Aujourd’hui, force est de constater que l’agression lancée depuis l’Ouganda en 1990 par Kagame n’a jamais été une guerre de libération.
Il s’agissait d’une entreprise contre-révolutionnaire soigneusement planifiée, visant à instaurer une nouvelle ethnocratie informelle, habilement dissimulée derrière un nuage de langage manipulateur.
Sur la réalité de l'ethnocratie tutsi à 2 étages :
africanarguments.org/2021/11…
Extrait du livre de Jean-Marie Ndagijimana :
"En juin 1991, je me trouvais à Kigali pour assister au dernier congrès national du MRND, l'ancien parti unique.
Ma mère apprenant que je flirtais avec les leaders de certains partis de l'opposition, me demanda de passer la voir.

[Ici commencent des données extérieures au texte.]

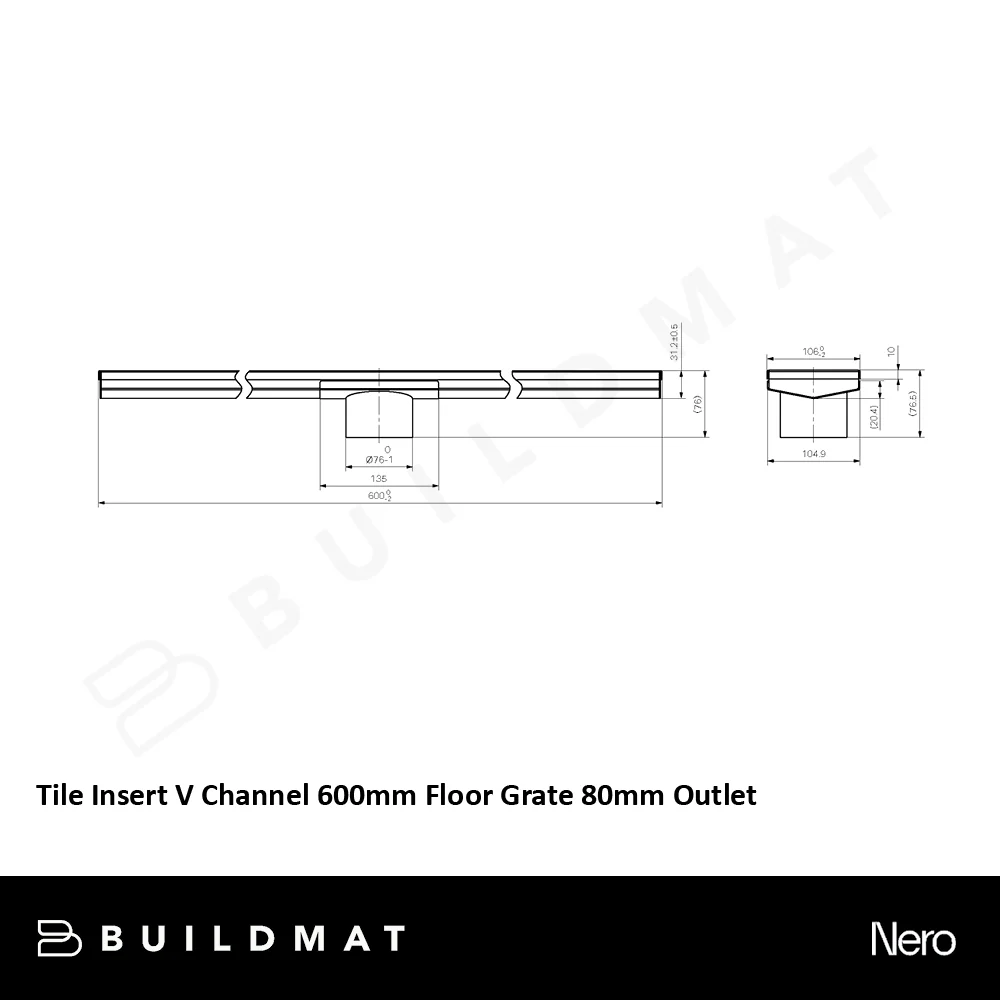 Nero Tile Insert V Channel 600x106mm Floor Grate 80mm Outlet Brushed Bronze - Image 4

Je compris que j'étais « convoqué » par la seule personne dont l'avis comptait vraiment pour moi depuis la disparition de mon père en janvier 1990."
[...]
Après un voyage harassant à travers la forêt de Nyungwe, j'arrivai tard la nuit à Gihango où elle m'attendait de pied ferme.
Aussitôt les embrassades d'usage terminées, elle qui ne parlait jamais de politique m'amena très vite sur ce terrain glissant.
« Mon fils, me dit-elle, j'ai appris que tu serais dans le parti de Faustin Iwagiramungu, qui est contre habyarimana.
J'aimerais savoir ce que tu reproches au président.»
Venant de ma mere, cette question me surprit au plus haut point.
Avant même que je n'aie eu le temps de trouver une explication plausible, elle exprima les vraies raisons de sa préoccupation.
« Tu sais, fils, que nous avons pu beneficier d'une trêve depuis que ce président est au pouvoir.
Avant lui, nous étions tout le temps sur le qui-vive.
Grâce à Habyarimana, nous dormons tranquilles car nous bénéficions d'une paix sociale inconnue entre 1959 et 1973.
Et toi tu veux soutenir le parti MDR qui veut nous ramener à la situation d'avant?
Pourquoi? »
Je compris immédiatement que pour ma mère, le « nous » signifiait la communauté tutsi.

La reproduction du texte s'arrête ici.